Starting about 500 B.C., other trials began appearing: running while weighed down by armor, boxing, wrestling, long jump, javelin and discus throw, etc. So it went for nearly 12 centuries when the Roman emperor Theodosius I, a Christian, abolished the games in 393 A.D. because of their pagan influences.
Fast-forward 15 more centuries and the games were revived in 1896 with 42 events including pole vaulting, shot put, weight lifting, cycling, target shooting, tennis, gymnastics and swimming. Now, 100 years later, there are more than 300 summer events and 86 more in the winter.
Among the recently added are some rather arcane sports: synchronized diving and curling are two that come to mind. When was the last time you took to the pool with a pal to execute a four-and-a-half somersault in a tuck position from a 3-meter high spring board as a Chinese duo performed for gold in this year’s Olympics? On the other hand, I really appreciate curling because it keeps alive the hopes of old fat guys like me who fantasize about getting the gold and hanging it over the old fuel tank for a love machine, aka beer belly.
With that said, I’d like to offer some new events and possible sponsors for the International Olympic Committee to consider.
Sample food eating sprint, sponsored by Chik-fil-A: Athletes race to get free samples. Entrants compete in pairs, defined by the Bible as one man and one woman.
Ammo-loading, sponsored by the NRA: Contestants vie to load a 100-round magazine.
Second amendment shooting, sponsored by the TEA Party: Participants stand on one foot atop a copy of the U.S. Constitution which is placed on shaky ground while plinking away at targets.
Hoop jumping to vote, sponsored by the Republican National Committee: Casting chad-free ballots scores points. The poor and minorities are encouraged to participate, two forms of identification needed.
Oil spilling, sponsored by BP: Points awarded for total gallons spilled, shoreline befouled and animals killed.
Holier than thou-ness, sponsored by the Catholic Church: Participants vie to impose personal beliefs on others?

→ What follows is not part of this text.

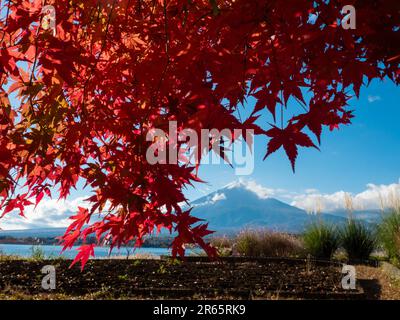 Mt. Fuji e le foglie autunnali Foto Stock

Pyramid scheme building, sponsored by investment brokers: A race to dupe the foolish to buy into a non-sustainable business model. Bonus points awarded for taking someone’s last dollar.
Political fundraising: sponsored by both the Republican and Democratic committees: A money raising marathon, each million dollars raised is worth one-10th of a point.
Smuggle racing, sponsored by Columbia: Cigarette boats vie to carry the most contraband during a set period of time.
Non sequitur gymnastics, sponsored by Rush Limbaugh: Entrants are scored on how well they can contort the truth.
Foot in mouth races, sponsored by Mitt Romney: The goal is to anger as many countries as possible while dressed as a statesman.
Kick the can, sponsored by Penn State: Athletes compete to see who can kick a can down a road the farthest.
Got to go, women’s synchronized swimming is on television. If only athletes were in the nude.